A co-worker gave me a bunch of zucchini last week to make Zucchini Bread. I knew I wasn't going to get to it right away so I shredded it in the food processor, squeezed out the liquid & measured it into 2 cup servings. I divided it up & put it in Zip-Loc freezer bags & froze it for a few days.

I was ready to make the bread the other day so I defrosted one of the 2-cup bags. (The recipe called for 2 cups.) When it thawed & I squeezed even more liquid out of it, I was down to about 1 cup of zucchini. I then defrosted a 2nd bag, squeezed it & made the bread. Was this the right thing to do or did I actually double the amount of zucchini in the recipe?

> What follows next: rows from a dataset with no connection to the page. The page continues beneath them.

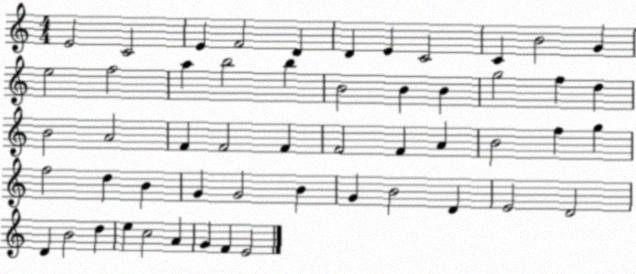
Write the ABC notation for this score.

X:1
T:Untitled
M:4/4
L:1/4
K:C
E2 C2 E F2 D D E C2 C B2 G e2 f2 a b2 b B2 B B g2 f d B2 A2 F F2 F F2 F A B2 f g f2 d B G G2 B G B2 D E2 D2 D B2 d e c2 A G F E2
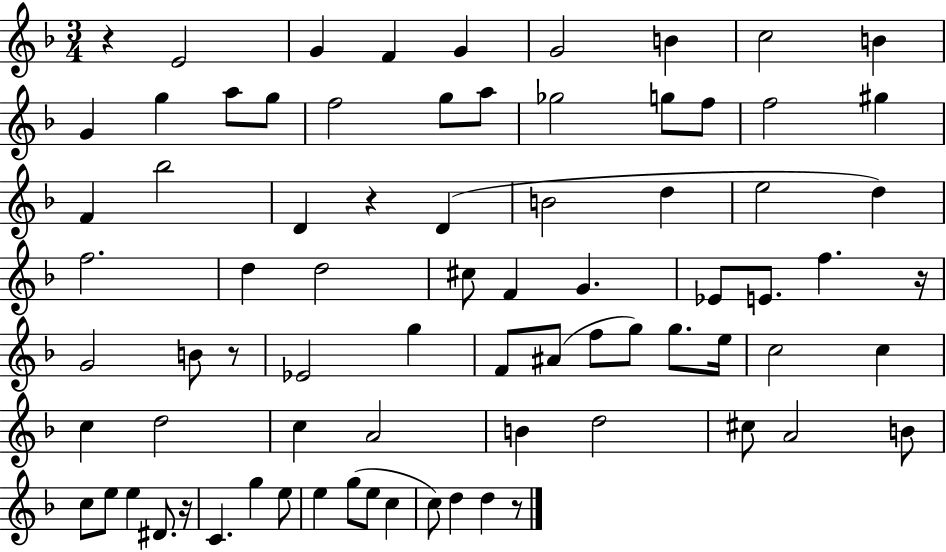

I have a few more bags in the freezer & I want to know what to do the next time I make bread (this weekend). One bag or two?

Thank you!
Corinne


----------



## Alix (Jul 28, 2005)

How did the bread taste? I think you are probably OK the way you did it. If you left the liquid in you would have been OK too, just had a moister bread. I am going to move this to the baking section, I think you will get more response there.


----------



## Corinne (Jul 28, 2005)

Alix said:
			
		

> How did the bread taste?


 
I didn't taste it! I'm not a huge Zucchini Bread fan. I'm told that it was great but I can't verify that. I think people tell you that your food is great all the time - whether they mean it or not! 

Corinne


----------



## Alix (Jul 28, 2005)

Well if they say it tasted good, do it the same way again! If it aint broke, don't fix it I say!


----------



## Shunka (Jul 28, 2005)

I agree with Alix on this. If the bread disappears quickly, then you will know it was good!!


----------